Picasso qui certainement recherchait cette évidence première plus sur le fond que dans la forme « Je veux peindre comme un enfant » le plus souvent la trouvait – » Je ne cherche pas, je trouve »- dans une production incessante et effrénée, révélatrice des tensions qui l’animaient.
Mais comment trouver cet espace-temps où l’action se déroule de façon plus tranquille?
Car l’enfance ne dure qu’un temps et avec l’âge, la conscience de soi ne fait qu’augmenter la distance réflexive par rapport aux actes et à leurs effets. A l’heure contemporaine, relayé par une éducation centrée sur le jugement de valeur et la réflexion analytique, favorisé par une société basée sur la compétition, écartelé entre besoin de plaisir immédiat et sentiment de contrainte, agir devient ainsi de plus en plus difficile à réaliser.
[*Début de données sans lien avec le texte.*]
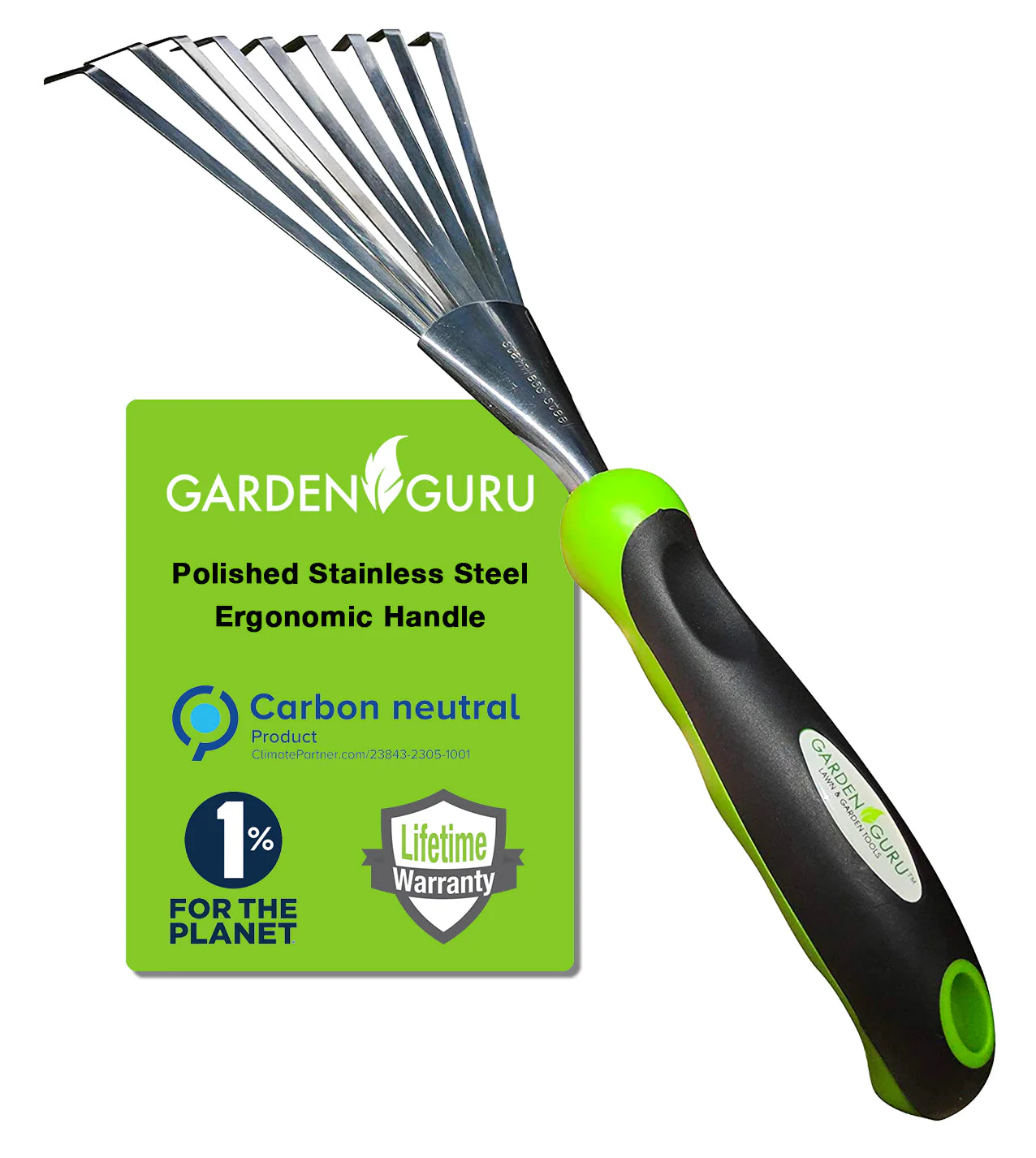 Stainless Steel Garden Hand Rake Tool - Image 2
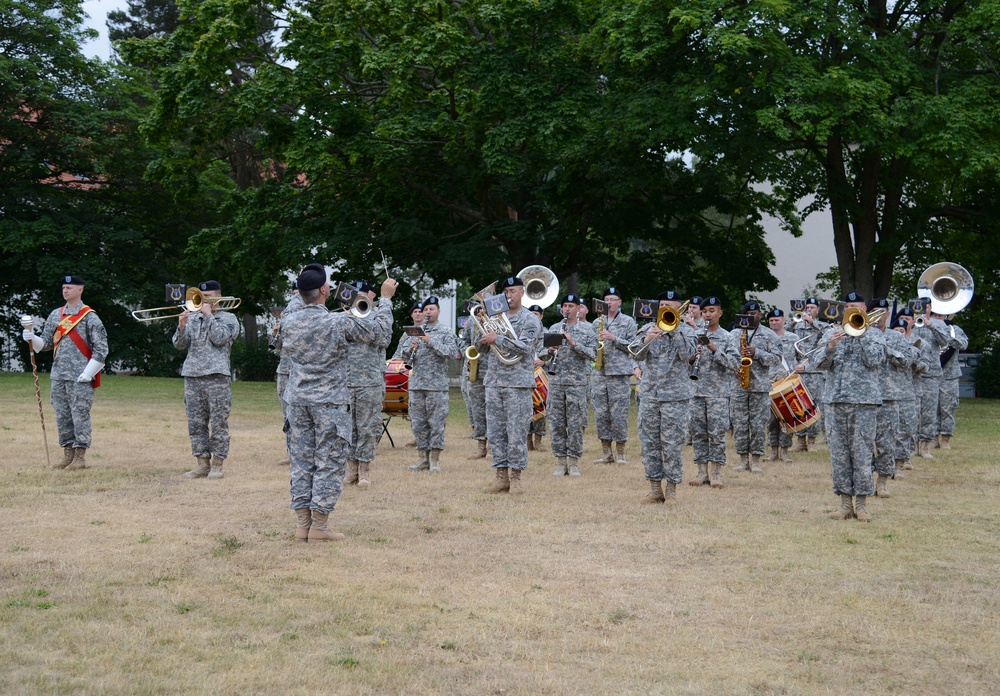 US Army Garrison Rheinland-Pfalz change of command ceremony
Surtout lorsque le corps, support de mémoires fondamentales, est nié, considéré comme une simple mécanique, déconnecté d’une pensée survalorisée.
En France notamment, de nombreux faits culturels valorisent cette réalité: l’acte est positif soit quand il est issu d’une action d’expression spontanée voire d’un défoulement, soit quand il repose sur une réflexion, une pensée tellement poussée qu’elle en devient hermétique sauf pour ceux qui en ont le même besoin. Or, un être adulte est justement en capacité de « faire » en conscience c’est à dire en étant à la fois en relation directe avec ce qu’il éprouve ou ressent et avec ce qu’il pense. Domaine privilégié et nuancé d’un corps, le champ fondamental des ressentis est connecté à la pensée, dans une conscience réfléchie. Mais nul besoin de penser pendant le « faire »si le lien qui donne sens, formalisé dans une pensée est présent. C’est précisément ce que les adultes doivent transmettre à la jeunesse -et plus particulièrement aux adolescents- pour qu’elle puisse apprendre à agir dans la confiance et le respect.
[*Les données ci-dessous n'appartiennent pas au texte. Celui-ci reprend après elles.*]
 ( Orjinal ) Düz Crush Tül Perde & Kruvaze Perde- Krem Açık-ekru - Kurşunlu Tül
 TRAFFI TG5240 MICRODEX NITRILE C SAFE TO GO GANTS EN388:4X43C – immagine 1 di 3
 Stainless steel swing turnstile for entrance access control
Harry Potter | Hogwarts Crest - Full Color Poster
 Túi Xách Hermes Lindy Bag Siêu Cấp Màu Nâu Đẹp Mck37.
Dès lors, cessons de trop penser en dehors de la dimension du sensible et du corps! Valorisons ce qui est éprouvé, élaborons une pensée qui intègre cette dimension fondamentale du corps, célébrons la simplicité d’agir en conscience; dans le juste respect de nous-mêmes et du monde auquel nous appartenons. Ainsi nous sortirons des violences, paradoxes et tensions que notre monde produit. Comme ce peintre, nous éprouverons plus de joie, trouverons mieux la paix et vivrons plus facilement le mouvement et la beauté de la vie.
Un moment de grâce et de joie
Devant la toile blanche qui lui renvoie son vide et sans volonté particulière, le peintre s’anime. Avec confiance, il agit dans l’évidence de ce qu’il éprouve des vibrations colorées, de la présence des matériaux, du ressenti du support, des effets visuels qu’il produit.
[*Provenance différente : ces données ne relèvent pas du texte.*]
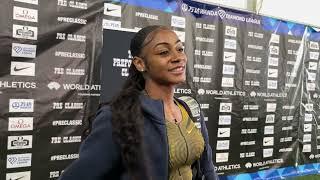 Sha’Carri Richardson Talks After 10.83 To Win Prefontaine Classic 100m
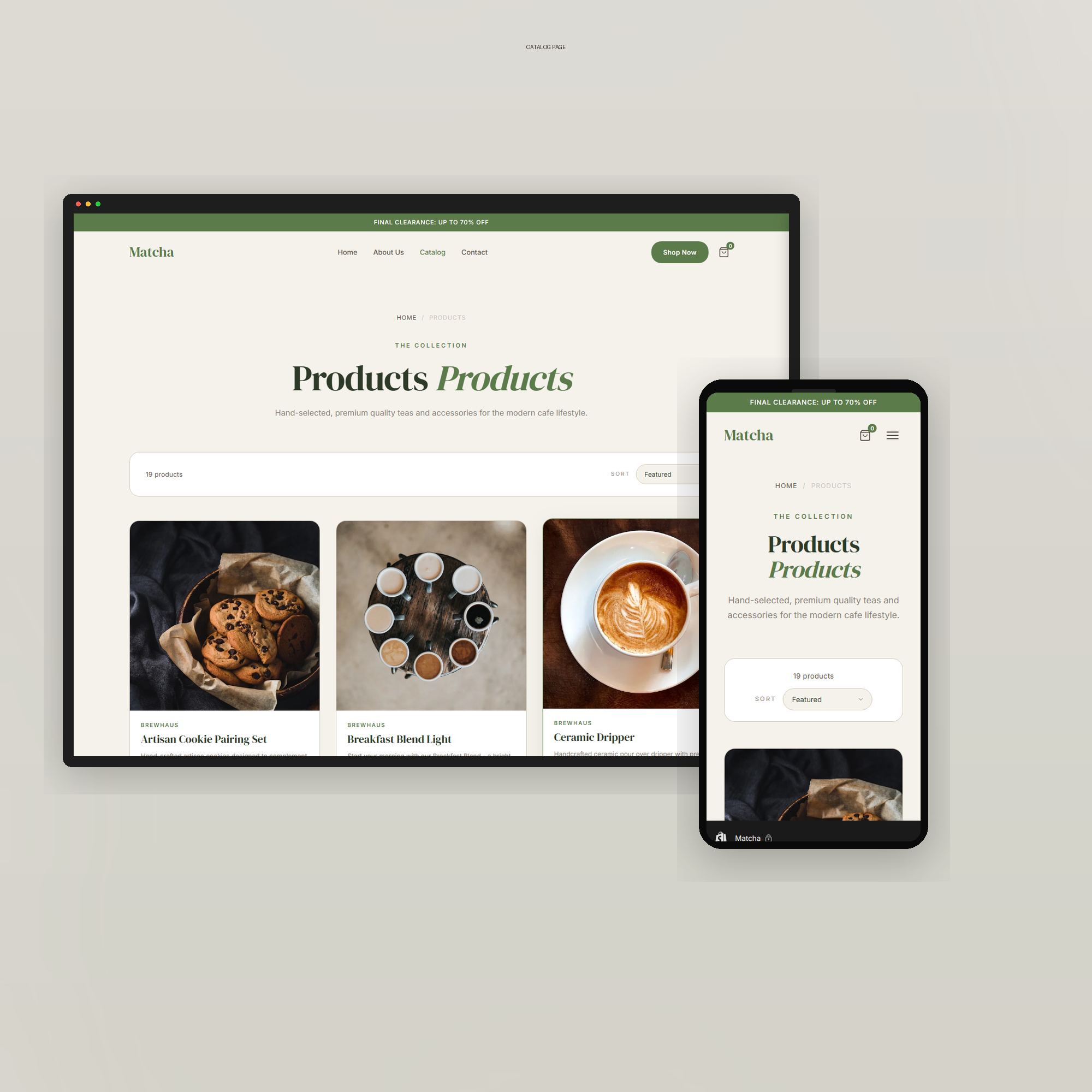 Catalog Page Preview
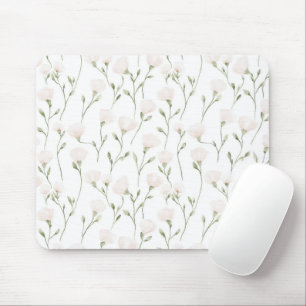Pink blush floral mouse mat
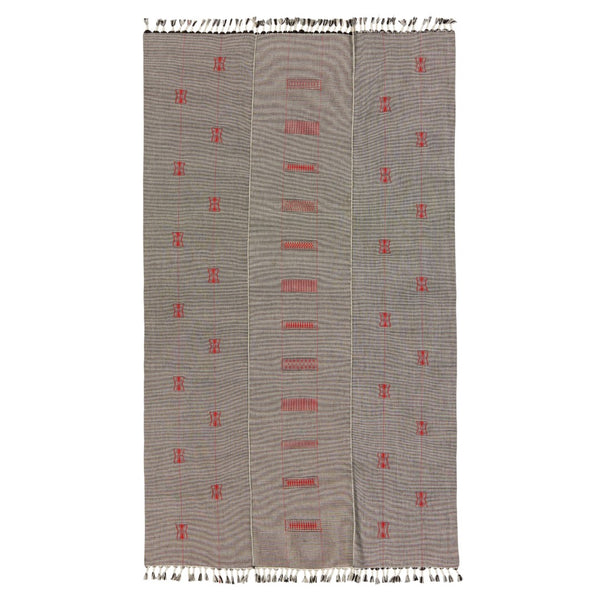 Jaipur Living Nagaland Throw Hebron Modern Southwestern Handmade Indoor Décor Black 42"x72"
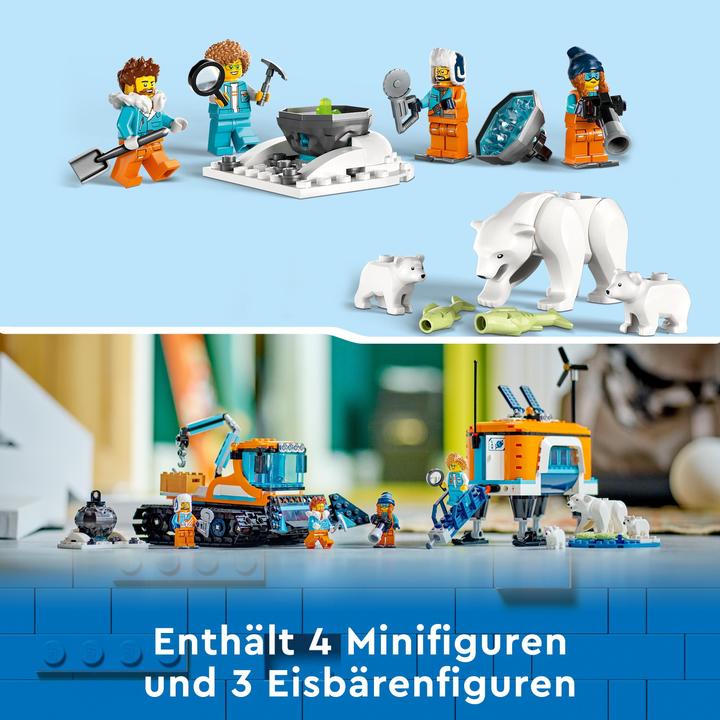 Produktbild LEGO City Arktis-Schneepflug mit mobilem Labor (60378, LEGO City)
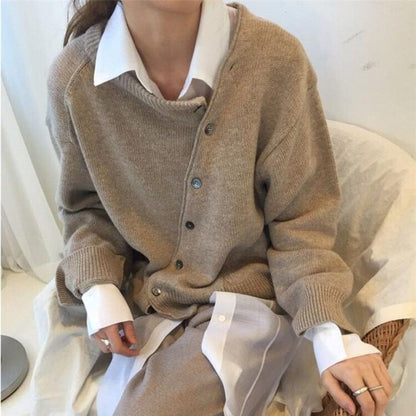 Luna | Cardigan Asymétrique à Boutons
Dans l’énergie du mouvement qui anime le corps et déploie les gestes, le rythme de la musique intérieure s’exprime et prend forme ne cherchant pas à remplir, à correspondre, à vouloir car nulle peur ne l’arrête réduisant à leur juste place les pensées négatives qui portent le doute et bloquent l’acte créateur. Au coeur des sensations du présent, le temps et l’espace n’existent plus.
Aujourd’hui, le peintre était source, eau et pierre; l’atmosphère était en dominante de bleu. Demain, il sera autre chose. Dans le souvenir de la simplicité évidente du faire où nulle question n’a embarrassé la joie de vivre cet instant de grâce, il pourra alors penser et partir à la découverte d’un autre chemin.